New York Governor Andrew M. Cuomo already has issued a fervent call for a comprehensive overhaul of his state’s gun control statutes, including a tighter ban on assault weapons.
Despite growing momentum to review the Massachusetts gun laws, any significant change is likely to face fierce opposition from the gun lobby, led in Massachusetts by the Gun Owners’ Action League.
Jim Wallace, the league’s executive director, argued that greater regulation in the wake of the Newtown massacre is not the answer to reducing gun violence.
“My question for the government is, where’s the problem?” Wallace said. “The reason this thing is so horrible, it’s because it’s so rare.”
Representative George N. Peterson Jr., the House minority leader, said that although gun owners such as himself are appalled by the Newtown shootings, he does not think further restrictions are needed.
“As tough as our licensing procedures are, it hasn’t done much to cut down on the gun violence in Massachusetts,” said Peterson, a Republican from Grafton. “Hopefully, cooler heads will prevail, and we will keep away from the rhetoric.”
Peterson said that the estimated 300 million firearms in the country — nearly one for every man, woman, and child — is not a problem in itself. “I don’t think that’s a bad thing,” Peterson said, “because we, as individuals, have the right to protect ourselves.”
DeLeo, however, said, “I don’t think this state, as a society, can sit back and do nothing.”
As one step, the speaker is creating a commission, which will include outside experts, to take a comprehensive look at the state’s gun laws. Led by Jack McDevitt, a criminal justice specialist and associate dean at Northeastern University, the panel will be charged with determining what works and what does not.

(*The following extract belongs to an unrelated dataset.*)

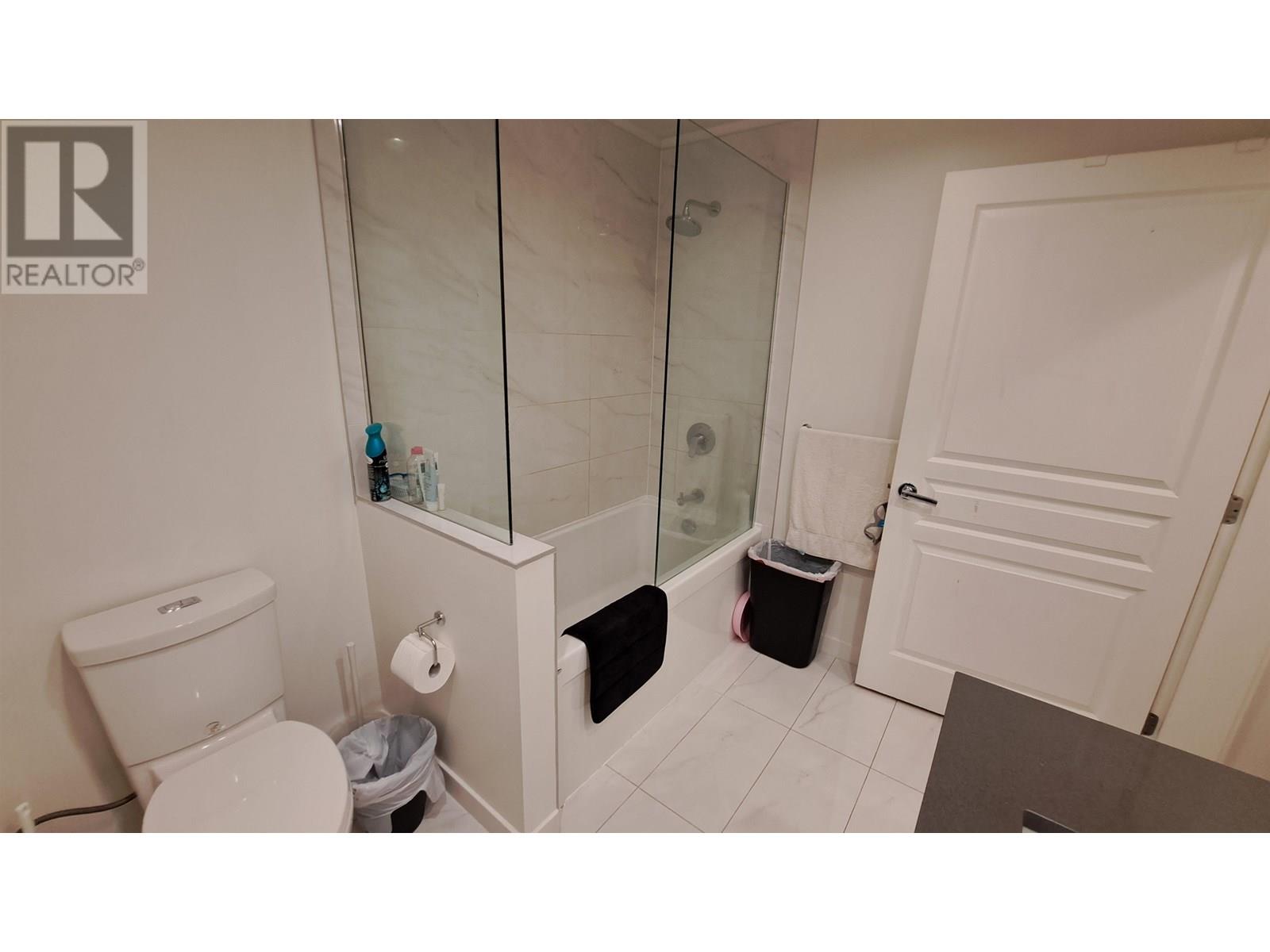 Photo 10 of 117 9399 Alexandra Road, Richmond BC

McDevitt, who met with DeLeo on Wednesday, said the speaker had asked him to be “as comprehensive as I could be, to really look at the intersection of guns, mental health, and school safety, and try to act as a bit of an academic resource for the Legislature to look at what is being done around the country.”

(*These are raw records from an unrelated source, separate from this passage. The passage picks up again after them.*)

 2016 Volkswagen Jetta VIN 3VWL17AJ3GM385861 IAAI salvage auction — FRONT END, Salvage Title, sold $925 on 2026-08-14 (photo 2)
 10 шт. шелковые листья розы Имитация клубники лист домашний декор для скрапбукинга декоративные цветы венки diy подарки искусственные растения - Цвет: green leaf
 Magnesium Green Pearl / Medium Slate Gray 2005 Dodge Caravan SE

McDevitt said he wants the commission to include members with experience in law enforcement, mental health, school and child safety, and gun licensing. He said he hoped to send out invitations for members last week, hold the first meeting shortly afterward, and report back by early summer.
The pending debate on Beacon Hill mirrors movement around the country toward tighter restrictions. Vice President Joe Biden met last week with groups from both sides of the gun-control issue — including victims’ organizations and the National Rifle Association — to craft President Obama’s response to the Newtown shooting.
“The president and I are determined to take action. This is not an exercise in photo opportunities,” Biden said.
Although Patrick has said he supports tougher gun laws, a spokeswoman would not say whether he plans to make the issue an important part of his State of the State address Wednesday.
The governor, however, “is encouraged by the growing consensus among legislators and stakeholders that we need comprehensive strategies, and we need them now,” said Chelsie Ouellette, his deputy press secretary.
In Albany, N.Y., the call for stricter gun control was loud and firm. Cuomo used his State of the State address Wednesday to propose the country’s toughest restrictions on guns, particularly on assault weapons similar to the one used by Adam Lanza, the 20-year-old Newtown gunman.
“Forget the extremists — it’s simple,” Cuomo said to sustained applause. “No one hunts with an assault rifle. No one needs 10 bullets to kill a deer. End the madness now.”
In California, broader restrictions on assault weapons and ammunition have been proposed.
In Michigan, Governor Rick Snyder vetoed a bill that would have allowed concealed weapons in schools and day-care centers.
And a large coalition of mayors, including Thomas M. Menino in Boston and Michael R. Bloomberg in New York, is pressing for tough, new laws.
In Arizona, former congresswoman Gabrielle Giffords, who was wounded in a mass shooting in Tucson in 2011, has created a political action committee designed to curb gun violence.